- EXERCISE INSTRUCTIONS
Once you have read the entries below, give them all again without any difference.

- TASK INPUT

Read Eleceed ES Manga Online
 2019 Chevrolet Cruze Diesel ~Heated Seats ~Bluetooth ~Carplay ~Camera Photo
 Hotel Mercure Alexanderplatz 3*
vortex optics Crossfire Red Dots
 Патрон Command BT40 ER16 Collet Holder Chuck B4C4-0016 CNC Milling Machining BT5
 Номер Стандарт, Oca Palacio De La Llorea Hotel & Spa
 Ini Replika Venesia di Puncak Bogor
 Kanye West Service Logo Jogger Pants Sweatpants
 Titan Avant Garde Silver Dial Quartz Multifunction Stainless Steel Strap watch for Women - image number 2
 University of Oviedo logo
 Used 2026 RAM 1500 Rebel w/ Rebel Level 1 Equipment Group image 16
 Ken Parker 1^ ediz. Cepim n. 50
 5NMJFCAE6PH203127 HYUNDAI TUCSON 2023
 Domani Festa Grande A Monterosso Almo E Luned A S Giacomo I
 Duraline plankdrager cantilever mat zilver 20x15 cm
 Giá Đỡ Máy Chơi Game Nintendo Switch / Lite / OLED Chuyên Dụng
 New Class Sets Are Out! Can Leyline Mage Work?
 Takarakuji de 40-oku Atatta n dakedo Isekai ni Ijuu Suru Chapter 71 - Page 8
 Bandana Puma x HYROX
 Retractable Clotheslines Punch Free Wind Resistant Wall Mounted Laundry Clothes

- REPLY
Read Eleceed ES Manga Online
 2019 Chevrolet Cruze Diesel ~Heated Seats ~Bluetooth ~Carplay ~Camera Photo
 Hotel Mercure Alexanderplatz 3*
vortex optics Crossfire Red Dots
 Патрон Command BT40 ER16 Collet Holder Chuck B4C4-0016 CNC Milling Machining BT5
 Номер Стандарт, Oca Palacio De La Llorea Hotel & Spa
 Ini Replika Venesia di Puncak Bogor
 Kanye West Service Logo Jogger Pants Sweatpants
 Titan Avant Garde Silver Dial Quartz Multifunction Stainless Steel Strap watch for Women - image number 2
 University of Oviedo logo
 Used 2026 RAM 1500 Rebel w/ Rebel Level 1 Equipment Group image 16
 Ken Parker 1^ ediz. Cepim n. 50
 5NMJFCAE6PH203127 HYUNDAI TUCSON 2023
 Domani Festa Grande A Monterosso Almo E Luned A S Giacomo I
 Duraline plankdrager cantilever mat zilver 20x15 cm
 Giá Đỡ Máy Chơi Game Nintendo Switch / Lite / OLED Chuyên Dụng
 New Class Sets Are Out! Can Leyline Mage Work?
 Takarakuji de 40-oku Atatta n dakedo Isekai ni Ijuu Suru Chapter 71 - Page 8
 Bandana Puma x HYROX
 Retractable Clotheslines Punch Free Wind Resistant Wall Mounted Laundry Clothes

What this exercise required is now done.